*** Opening AVAILABLE DATA ***

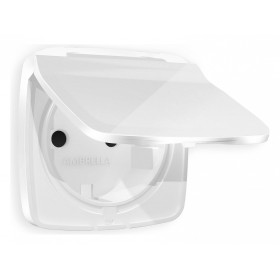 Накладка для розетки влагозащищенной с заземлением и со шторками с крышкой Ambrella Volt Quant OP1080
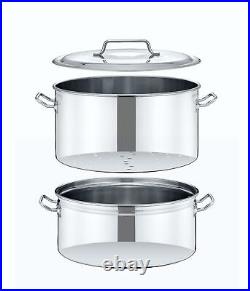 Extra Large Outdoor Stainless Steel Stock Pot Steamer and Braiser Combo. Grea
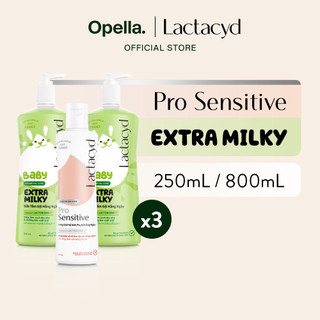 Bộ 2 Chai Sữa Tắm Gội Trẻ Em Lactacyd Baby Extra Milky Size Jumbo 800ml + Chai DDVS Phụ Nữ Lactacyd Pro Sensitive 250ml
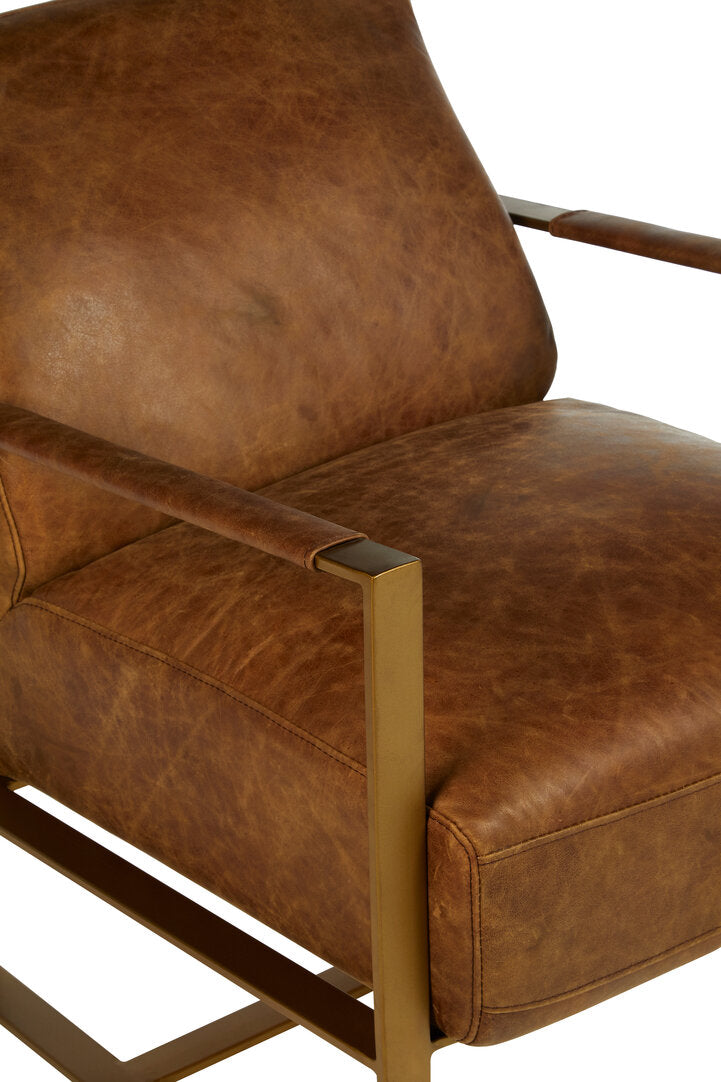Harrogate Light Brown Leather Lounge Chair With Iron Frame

*** Closing AVAILABLE DATA ***
*** Opening AVAILABLE DATA ***

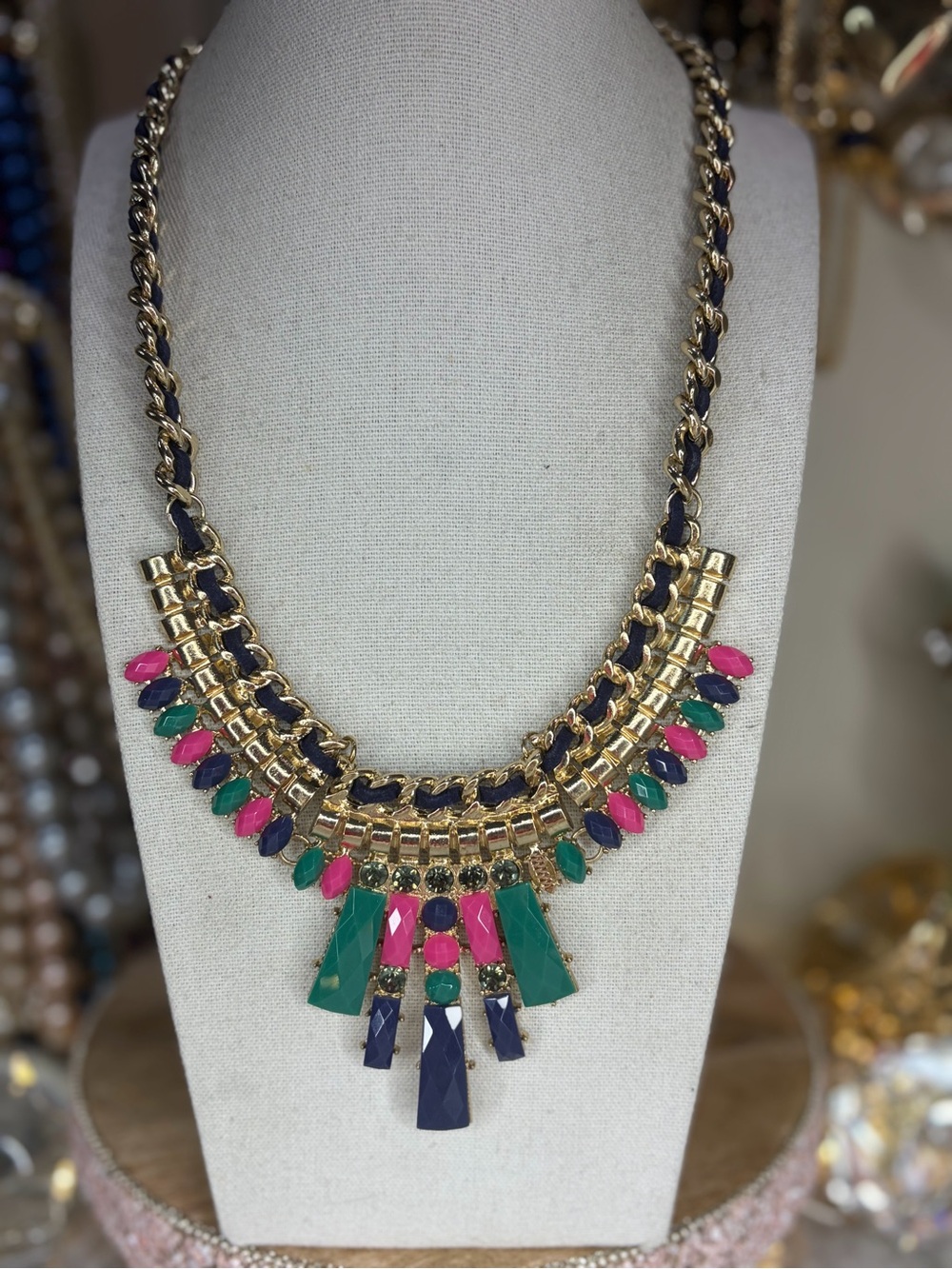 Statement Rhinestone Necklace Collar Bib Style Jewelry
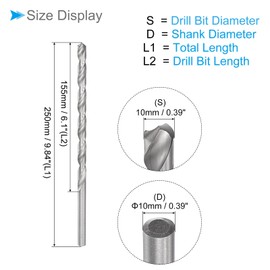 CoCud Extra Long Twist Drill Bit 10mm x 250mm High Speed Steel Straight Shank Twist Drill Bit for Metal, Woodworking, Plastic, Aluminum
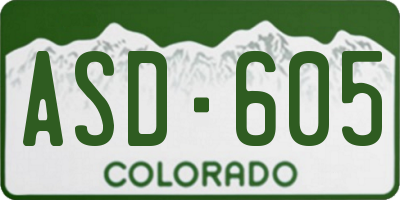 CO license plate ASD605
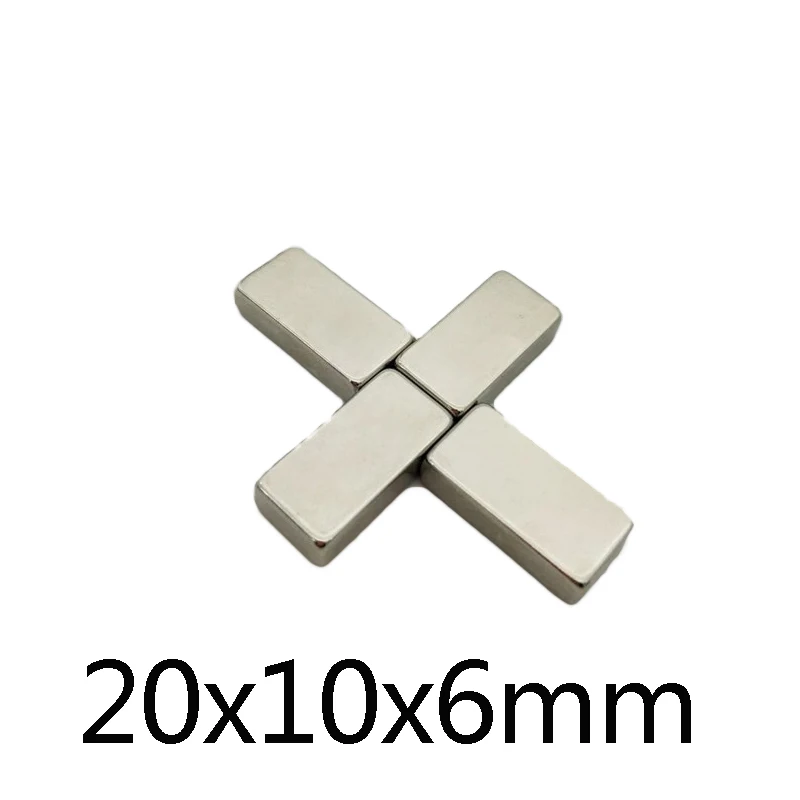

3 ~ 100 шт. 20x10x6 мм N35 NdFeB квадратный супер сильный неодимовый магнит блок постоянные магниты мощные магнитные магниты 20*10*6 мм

*** Closing AVAILABLE DATA ***

### YOUR TASK
Both the line above containing "Bộ 2 Chai Sữa Tắm Gội Trẻ Em Lactacyd Baby Extra Milky Size" and the line containing "Harrogate Light Brown" belong in the copy, along with every line between them; print these exactly and omit the pictures.

### WRITTEN ANSWER
 Bộ 2 Chai Sữa Tắm Gội Trẻ Em Lactacyd Baby Extra Milky Size Jumbo 800ml + Chai DDVS Phụ Nữ Lactacyd Pro Sensitive 250ml
Harrogate Light Brown Leather Lounge Chair With Iron Frame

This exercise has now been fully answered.